Once you have the table, you can create a full text index using FTS5 (see the SQLite website for instructions) and then you can search for arbitrary text and get your results very fast. Once you have the data in your table, then you can use DB Browser to browse the data as you wish.
Yes, some of the built-in help for sqlite3
is a bit mysterious, but once you get it, it is super fast.
(7) By Chris Locke (chrisjlocke1) on 2023-04-16 15:17:33 in reply to 1 [link] [source]
The EOL code is ignored
What were your import settings? If the field separator was a comma, then the field would have been quoted. Was the quote character correct?
You can submit an issue on the DB Browser for SQLite github page (click 'bug report' in the 'Help' menu). It's unlikely to be an issue in DB4S itself, but the import settings and/or the file.
(9.1) By punkish on 2023-04-16 16:21:56 edited from 9.0 in reply to 7 [link] [source]
I can confirm that the import works very well with DB Browser if the field separator is changed to "Other (code)" and the value left at 0. Each line imports into its own row in a table.

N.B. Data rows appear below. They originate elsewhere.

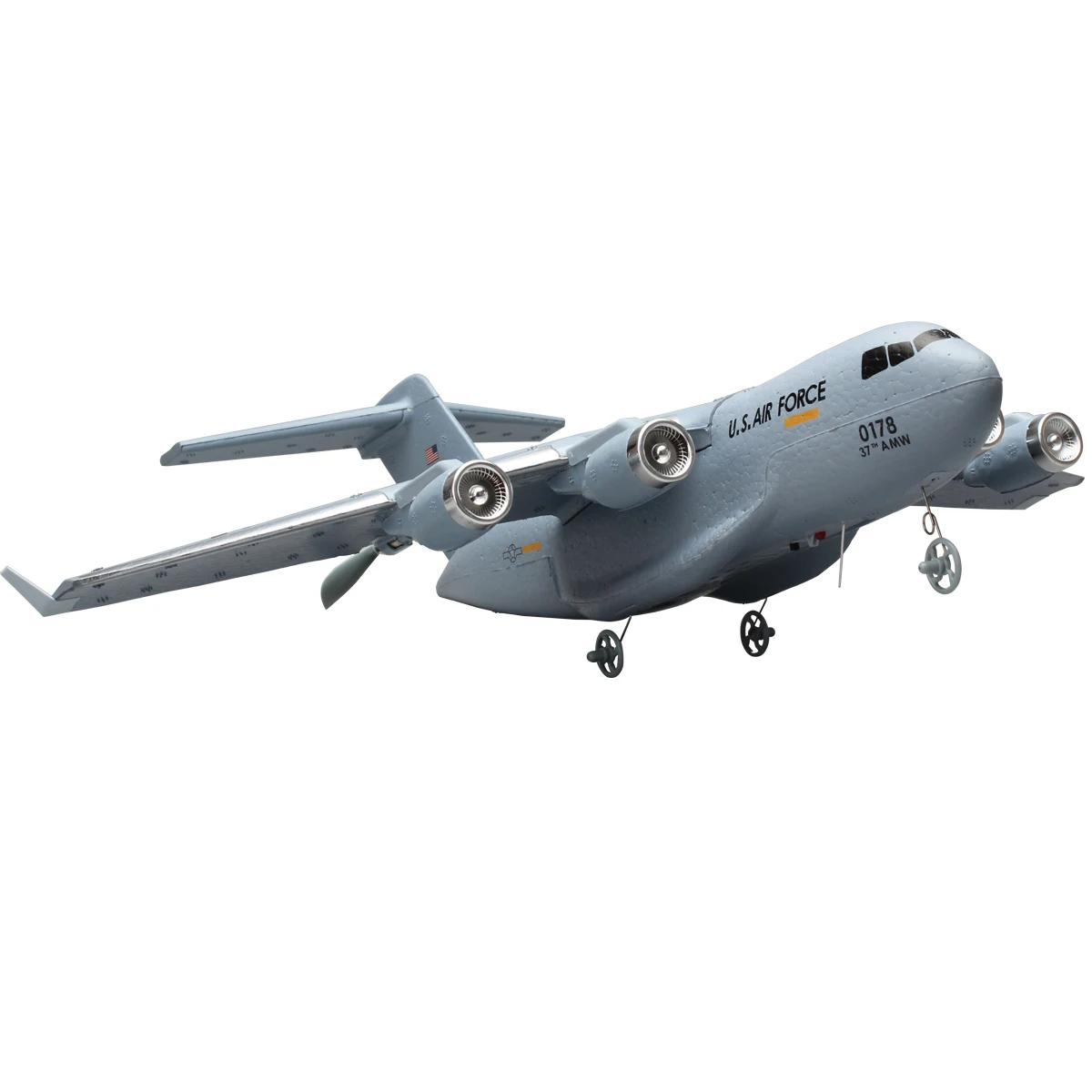 C-17 RC Drone DIY Aircraft Transport Aircraft 373mm Wingspan EPP RC Drone Airplane 2.4GHz 2CH 3-Axis Aircraft Toy for Adults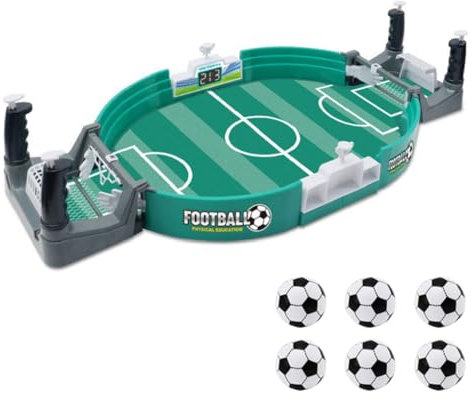 RANJIMA Interaktives Tischfußballspiel, Tischfussball Kinder Mini Tischkicker Desktop Spielzeug Tisch Fußball Kit mit 6 Fußbälle, 2-Spieler Party Tischfußballspielzeug Geschenk für Jungs Erwachsene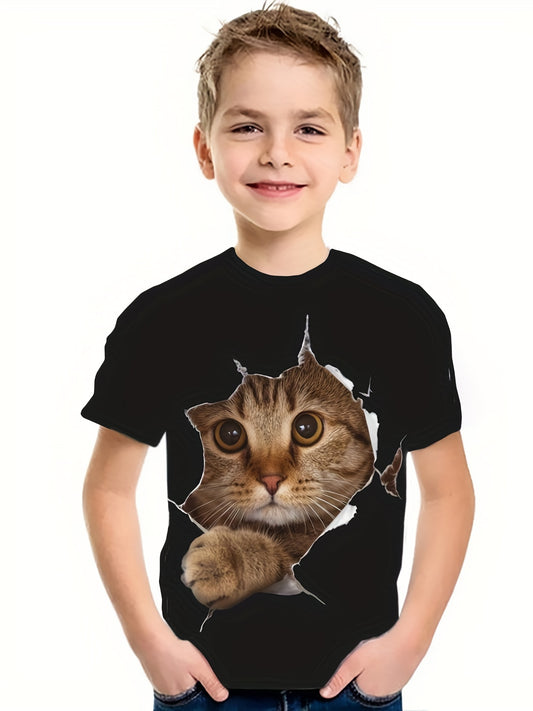 Boy's 3D Cat Graphic T shirt Casual Slightly Stretch Breathable Tee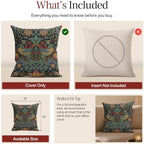 William Morris Strawberry Thief B Blue Tapestry Throw Pillow Cover 18 x 18 - Image 5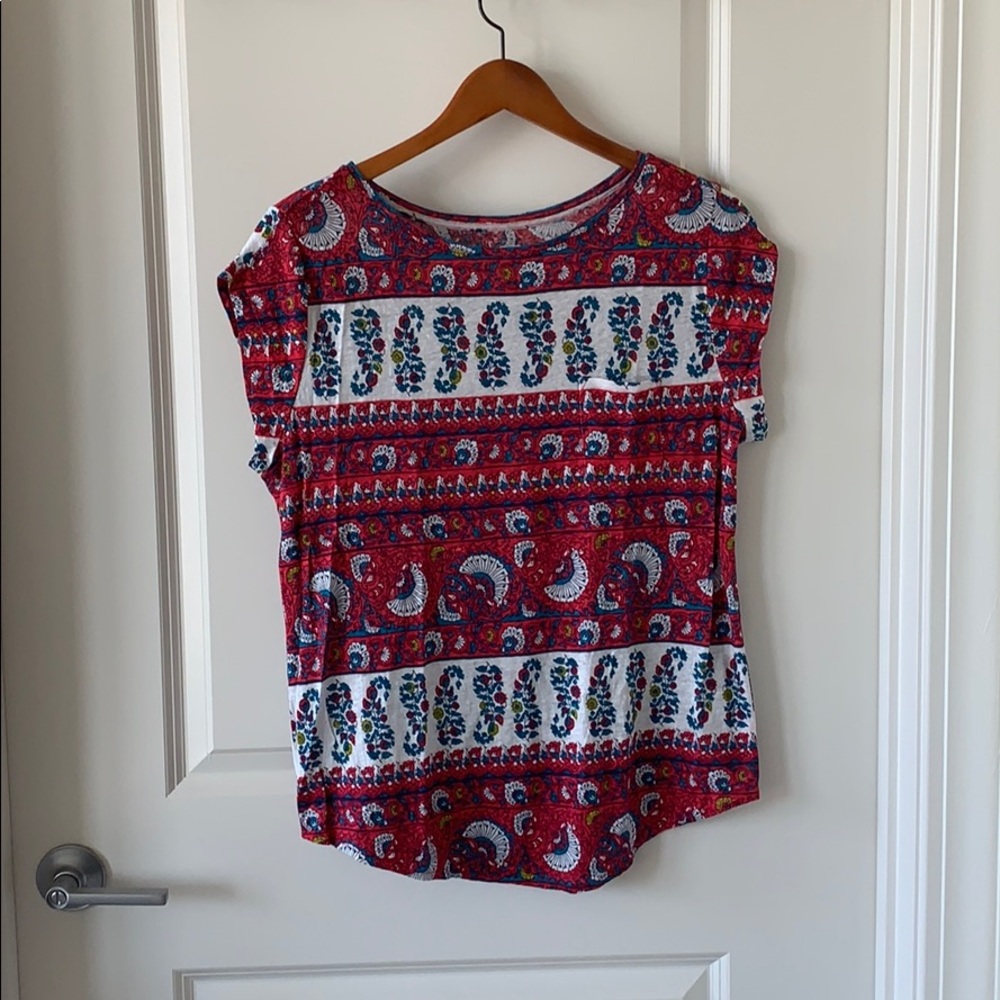 LOFT Linen Paisley Pocket Tee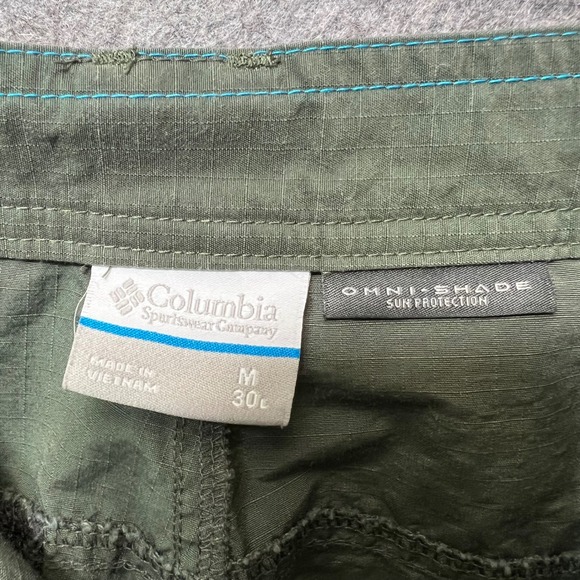 Columbia Omni-Shade‎ Ripstop Cargo Pants Men M 30 Olive Hiking Outdoor UPF - Picture 8 of 9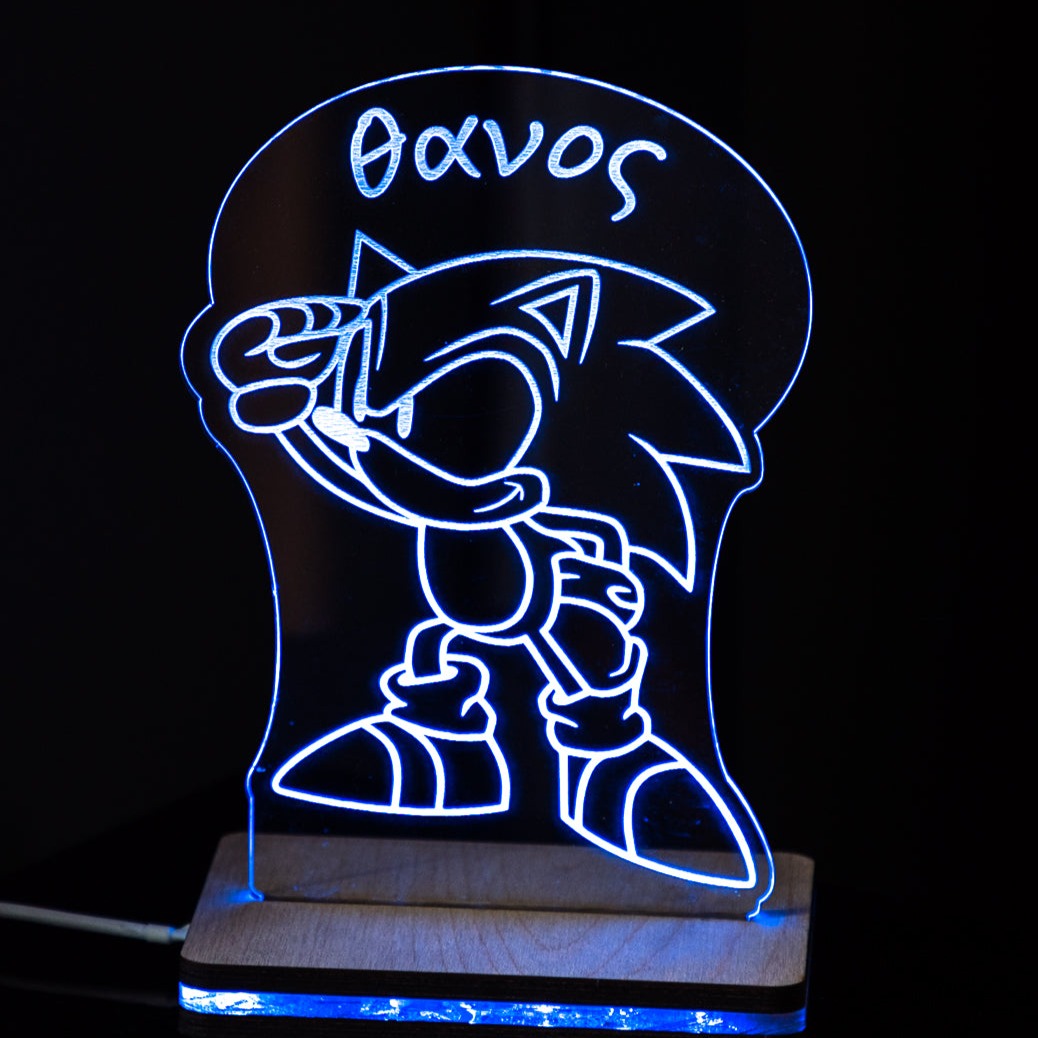 ΠΡΟΣΩΠΟΠΟΙΗΜΕΝΟ 3D LED ΦΩΤΙΣΤΙΚΟ "Σόνικ"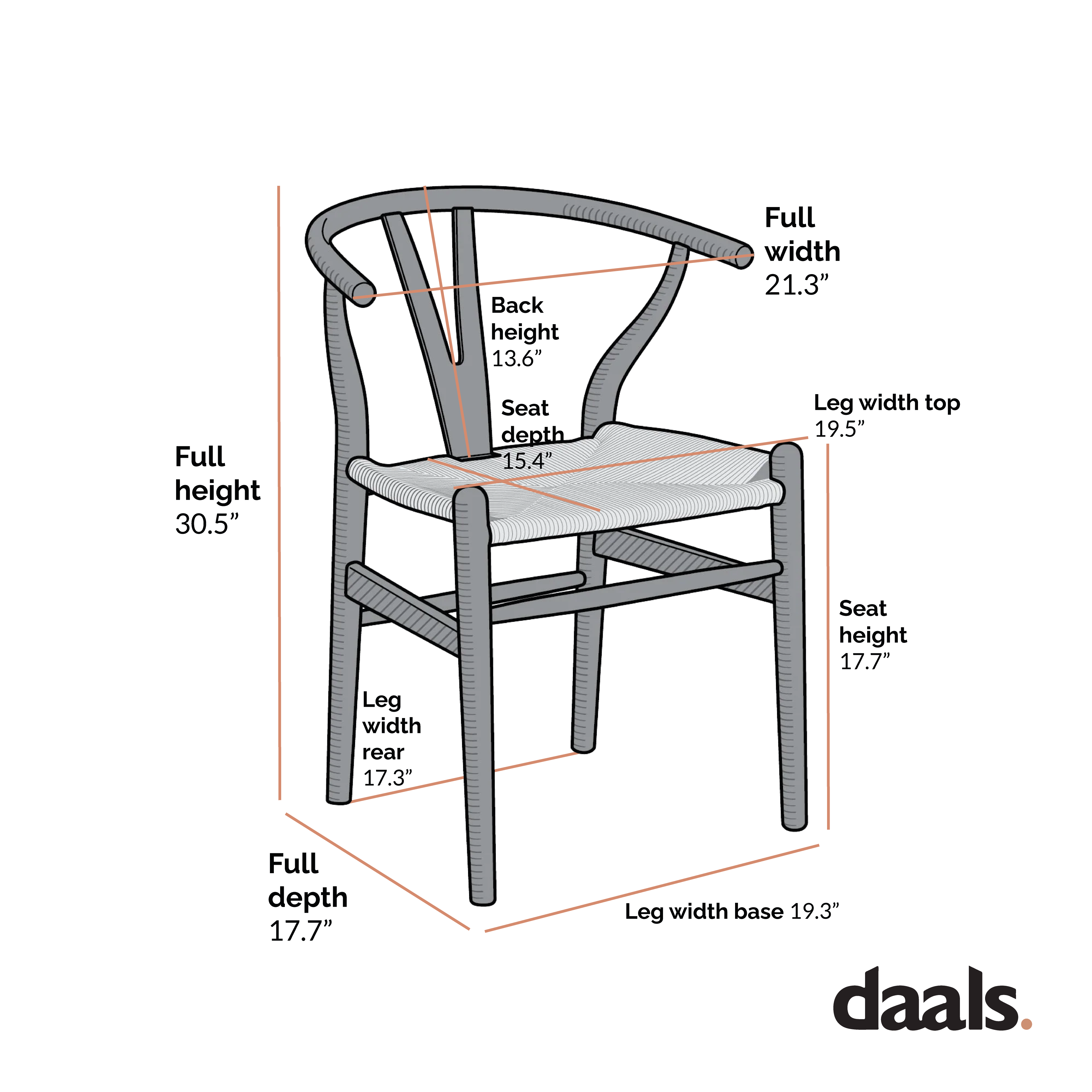 Hansel Wooden Natural Weave Wishbone Dining Chair Natural Frame
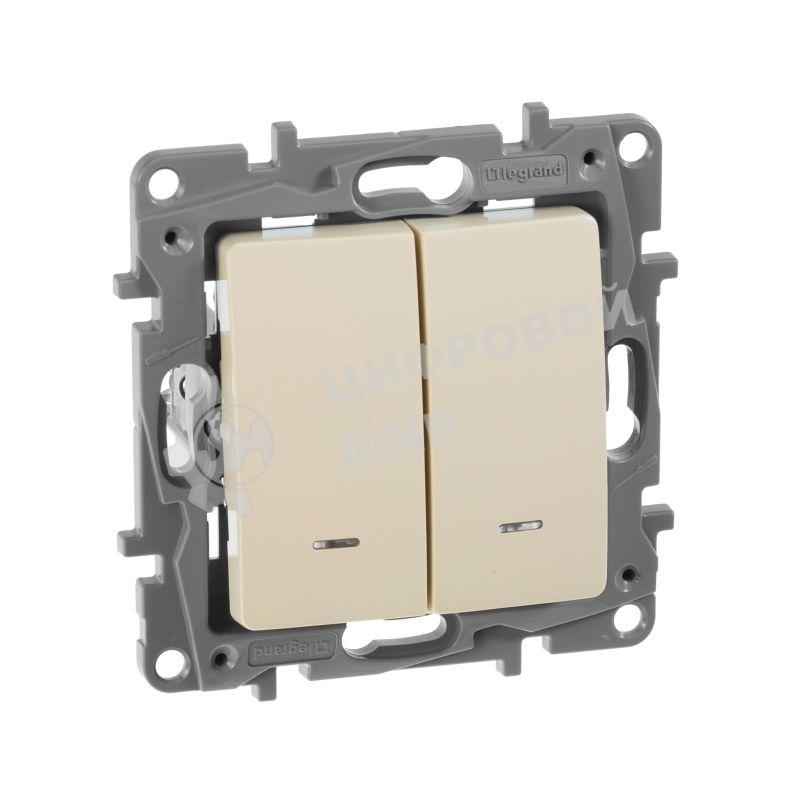 Выключатель 2-клавишный с подсветкой, на винтах, 10АХ, сл. кость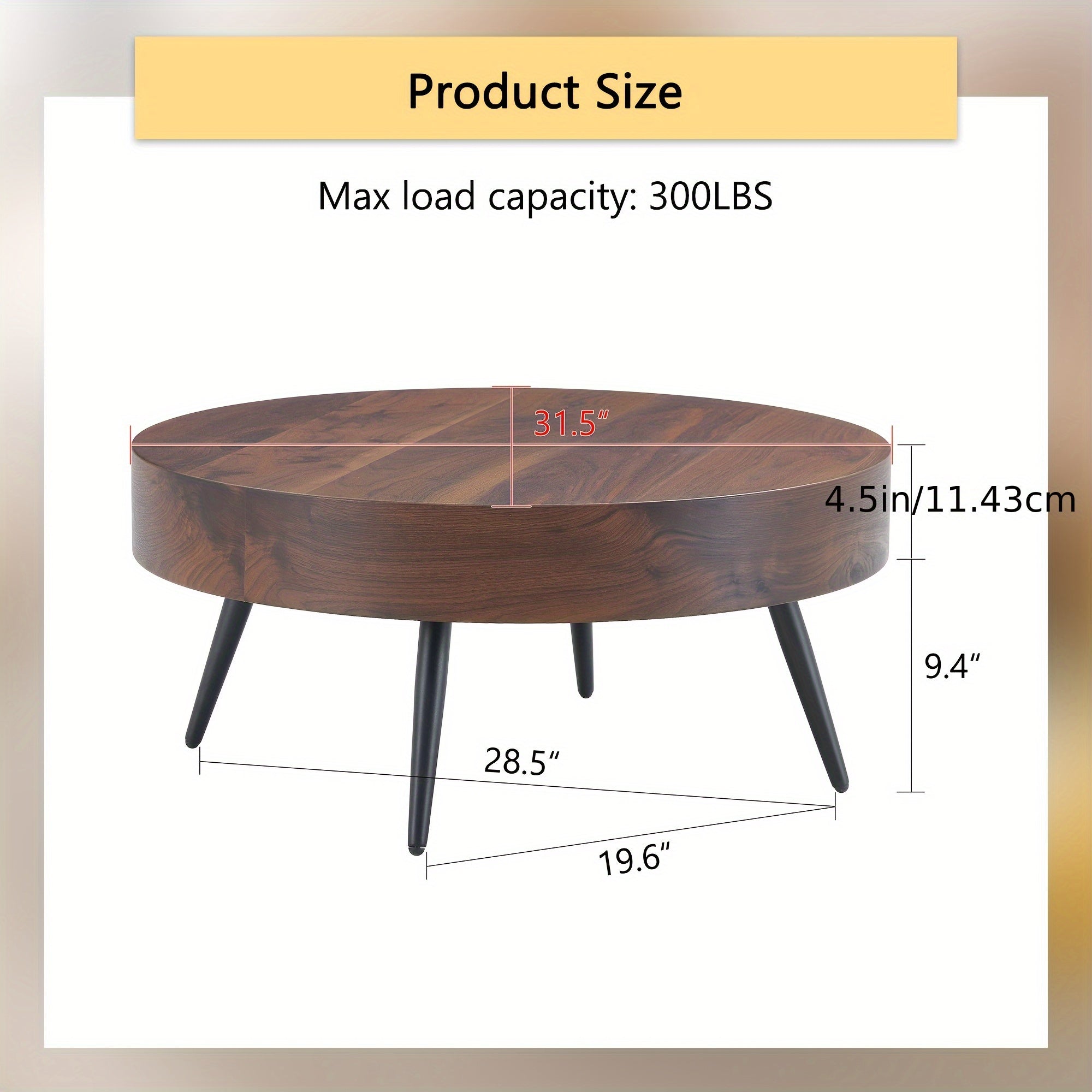 Wooden Coffee Table Modern Round Coffee Table Rustic Center Table with Metal Leg for Living Room Reception Room Office (Brown, Round)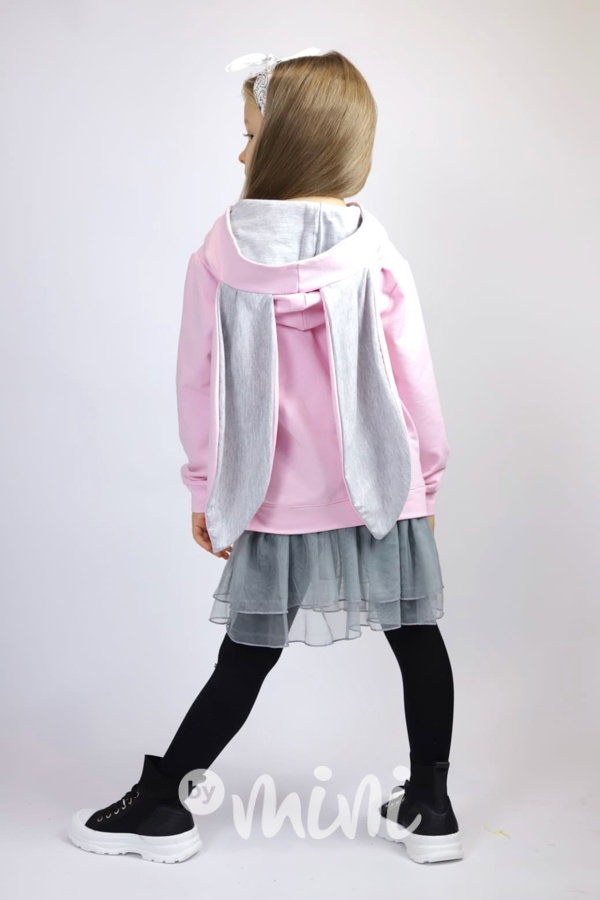 Bunny hoodie tunika s tylem a flitry pink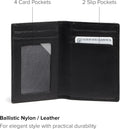 Black Multi-Window Card Case With 4 Card Pockets And 2 Slip Pockets
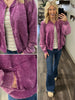 Jane Mineral Washed Bomber - Berry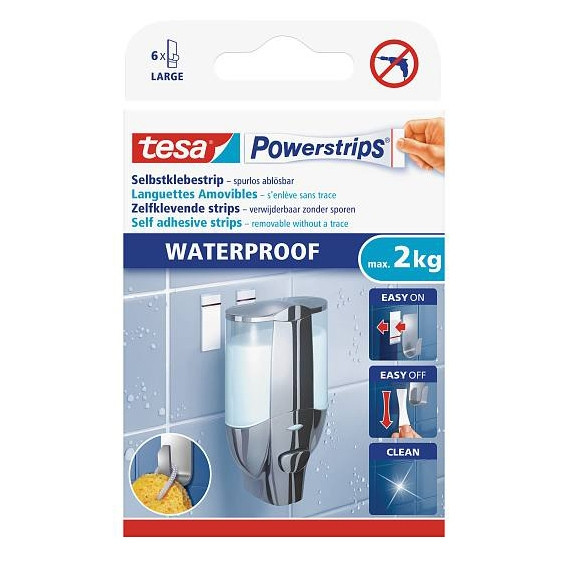 Tesa Powerstrips waterproof large (6 pièces) 59700 202351 - 1
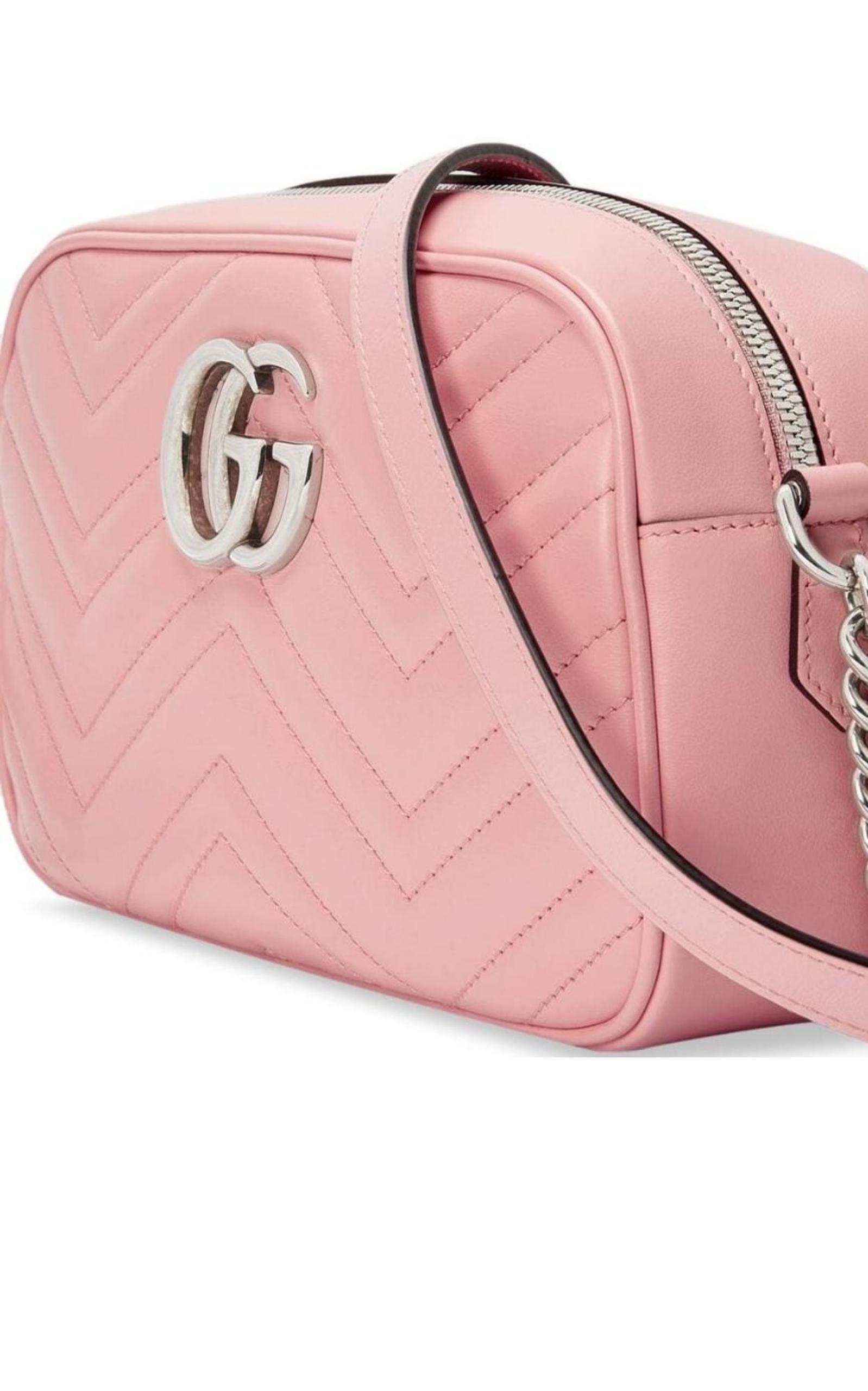 Gucci GG Marmont Camera Bag Matelasse Mini Light Pink in Leather with  Antique Gold - US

(12) By TimKendal on 2023-04-18 12:39:23 in reply to 9.1 [link] [source]
Many thanks for all the replies to this. Most instructive!
I now have a working database, so that's great.
I used DB Browser as recommended by punkish - the key is to Import / Table from CSV then choose Textfile and then choose the TX file to be imported. Then in the options screen that follows set both the Field Separator and Quote Character to Other (Code) and a value of 0.
I also tried using SQLite in Terminal, as recommended and this also worked
I don't really understand what the Quote Character field is for, but it needs to be 0.
Nice to find another Dickens fan!
(14.1) By Chris Locke (chrisjlocke1) on 2023-04-18 13:09:45 edited from 14.0 in reply to 12 [source]
I don't really understand what the Quote Character field is for
While a csv is 'standard' due to its name (comma separated values), the quote character is needed if the field contains commas.
However, you may have pipes as a separator. Obviously this isn't a csv, but a psv.. but the point is, you may not want quotes as a quote character. It might be stars.
*this is a field*|*field2*
Changing these options allows the above text line to be read.
(15) By punkish on 2023-04-18 13:30:59 in reply to 14.1 [link] [source]
However, you may have pipes as a separator. Obviously this isn't a csv, but a psv.. but the point is, you may not want quotes as a quote character. It might be stars.
sure, but why "0"? Or is that 0 meant to imply a non-existent quote character?
(16) By Chris Locke (chrisjlocke1) on 2023-04-18 16:21:07 in reply to 15 [link] [source]
If you're wanting everything on a single row, you don't want any character, so using chr(0) is a character thats not going exist. So yes, its to imply a non-existent character.
(17) By Larry Brasfield (larrybr) on 2023-04-18 16:33:52 in reply to 16 [link] [source]
I say the following knowing almost nothing about the application discussed.
I would think that it is additionally needed, to solve the OP's stated problem, to avoid CSV dequoting logic. (That is why ".mode ascii" is used in the SQLite CLI script.) Does that happen somehow with the solution presented in post #7?